Quem vai a Ouro Preto se impressiona definitivamente com as sombras concretas do passado brasileiro há alguns séculos de distância, conservado em monumento histórico feito de uma cidade inteira.
Não é como outros lugares, em que a história é vista aqui e ali a conta-gotas, não, em Ouro Preto você caminha, respira, habita dentro da história. Os casarões, as igrejas e os muros projetam as sombras do passado e o viajante navega entre essas projeções como se tivesse realmente voltado no tempo da história, mais precisamente ao Século XVIII.
Curiosamente é também uma cidade de muita juventude: cheia de estudantes morando nos casarões transformados em repúblicas há décadas. Essas moradias estudantis são mantidas por confrarias tradicionalíssimas formadas pelos eternos e fiéis ex-estudantes que recepcionam os novos a cada ano. Isso mantém a cidade em constante clima de festa e irreverência.
Ouro Preto, além de ser uma cidade, também pode ser considerada um poema em forma de casarões, igrejas e ladeiras.

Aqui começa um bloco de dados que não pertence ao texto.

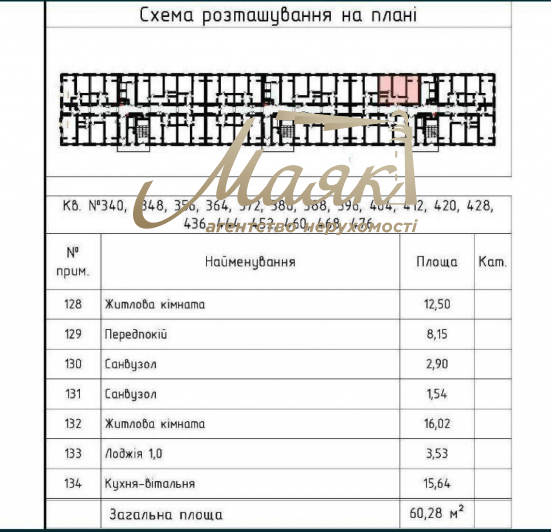 Продажа 2к квартиры ЖК Новая Англия по переуступке, ул. Максимовича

Um poema que é cantado por tantos poetas desde que o lugar existe, desde Tomás Antônio Gonzaga passando por Cecília Meireles, Vinícius de Moraes e tantos outros, famosos ou anônimos.
Em 1950 o poeta Murilo Mendes vê Ouro Preto e escreve a série de poemas intitulada Contemplação de Ouro Preto. Sua visão capta desde as imagens sombrias até as luminosas, vai da morte à vida, do pesado ao leve:
Ruínas de solares e sobrados
Onde pairam espectros de poetas,
De padres doidos, de reformadores
…
O canto alternativo das igrejas
Nos leves sinos da levitação
Cruzando-se em cerrado contraponto,
São Francisco de Assis adverte ao Carmo,
São Francisco de Paula à matriz do Pilar.
(in: Motivos de Ouro Preto)
(...)
Em sua contemplação, Murilo Mendes toca a atmosfera histórica, a religião, a arquitetura, a arte, as figuras e personagens populares e as de renome ligadas à cidade: Aleijadinho, Joaquim José, dona Adelaide…
O passeio do poeta naquela época coincide exatamente com o nosso passeio de agora, quando estamos lá em visita:
Tu, Ouro Preto,
Que outrora foste
E agora inda és.
De qualquer ângulo
Tu sempre és bela!
De qualquer ângulo
Ao olho amante
Sempre és igual.
(in: Romance de Ouro Preto)
(...)
Minha alma sobe ladeiras,
Minha alma desce ladeiras
Com uma candeia na mão,
Procurando nas igrejas
Da cidade e do sertão
O gênio das Minas Gerais
(in: Romance das Igrejas de Minas)
Eu vi a cidade barroca
Vivendo da luz do céu
(in: Flores de Ouro Preto)
Murilo Mendes dedica ao arquiteto Lúcio Costa - que projetou Brasília junto com Niemeyer - um poema sobre a fantástica, singela e belíssima igreja de São Francisco:
Solta, suspensa no espaço,
Clara vitória da forma
E de humana geometria
Inventando um molde abstrato;
Ao mesmo tempo, segura,
Recriada na razão,
Em número, peso, medida
(in: São Francisco de Assis de Ouro Preto)
O poeta fala também das luminárias e da lua, que tanto se destacam ao observador que passeia à noite pela cidade:
Em Ouro Preto
- Viva a sua luz-
Vi luminárias
Dependuradas,
Vi luminárias
Que a mão conduz,
Vi luminárias
Verdes, vermelhas,
Vi luminárias
Roxas, azuis.
(in: Luminárias de Ouro Preto)
No Carmo lua:
Que lua grande,
Corpo estendido,
Lua longueira…
Mas que luarão
Nesses retângulos
Que o Carmo tem!
O Carmo é mesmo
Todo um luar.
(in “A lua de Ouro Preto”)
E afinal, a cidade de Ouro Preto, hoje, é um lugar extremamente acessível e confortável ao viajante. Totalmente equipada com a infraestrutura padrão dos lugares turísticos. Há hotéis, restaurantes, museus, eventos e passeios para todos os públicos.